I am able to get POST and GET corectly decode in the charset. I cut and
paste some japanese letters and the result looked very close to the
original, same for 8859-2  ( except that I can only look at the char
codes, my linux still doesn't display them right ).

I also did a lot of cleanup and optimizations in the byte->char
conversion, similar with what we have on char->byte. This will be very
important for getReader() and POST performance.

In order to implement that, I had to extend the Byte/CharChunks with code
to allow them to own and resize a buffer ( the code that used to be in
OutputBuffer and was moved to ByteBuffer ). This is also great because it
makes the Chunks much more flexible and powerfull ( i.e. less memcopy ).

On a different front, I've added a new hook ( postReadRequest ), identical
with the hook with the same name in apache. It'll be invoked just after
the request is received and before contextMap, and will be used to 
do all the decoding, save the undecoded request for facade ( the servlet
API requires us to return it decoded, while intenally we need to decode
for mapping ). 

A new module that implements this hook will be added and used to detect
the charset and do the conversion, if possible, and this will allow people
to plug their own charset decoding mechanisms. 

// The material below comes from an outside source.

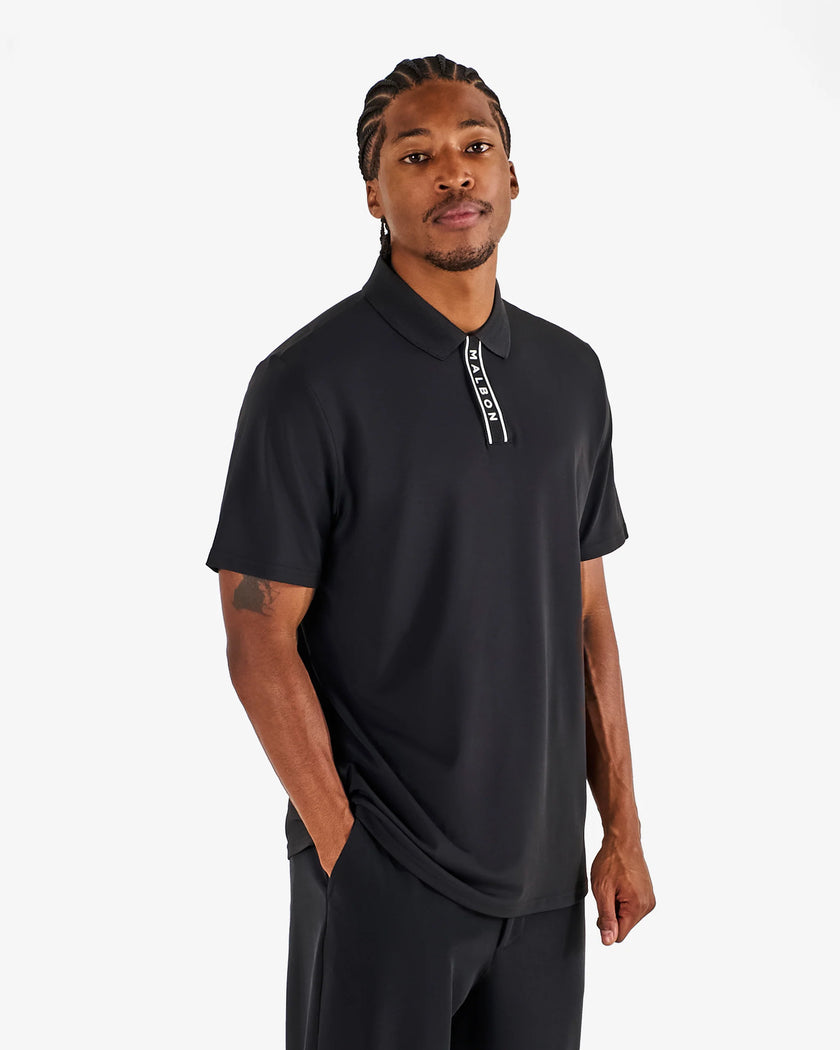 Malbon Men's Block Placket Polo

Extracting the session id from request will also move to this stage,
eliminating one more potential configuration problem.

The biggest problem remain of course detecting the right charset - none of
the browsers ( except lynx ) sends the charset. The good news is that all
browsers are sending POST/GET with the same encoding as the page that 
contains the form, and most browsers support a UTF8 - that means you can
get something consistent working.

Unfortunately, the servlet spec requires us to use 8859-1 for default, and
we can't change that.

All I can do about this problem is making sure it'll be very easy for
people to plug their own module that detects encoding, and eventually
configure the default per application. ( note that servlet 2.3 doesn't
solve this problem too much - the user can set the charset, assuming it
knows it - but if it would be easy to guess the charset we'll not have
this problem ). There are many tricks that could be used to solve the
problem, including per session charset, etc - and I'll try to get as many
as possible, but you'll have to enable the code as the default will be
to use the charset= ( which we know doesn't work in any case).

If you have ideas - please let me know. With a bit of luck, 3.3 might
start to have some very good support for non-latin1 apps.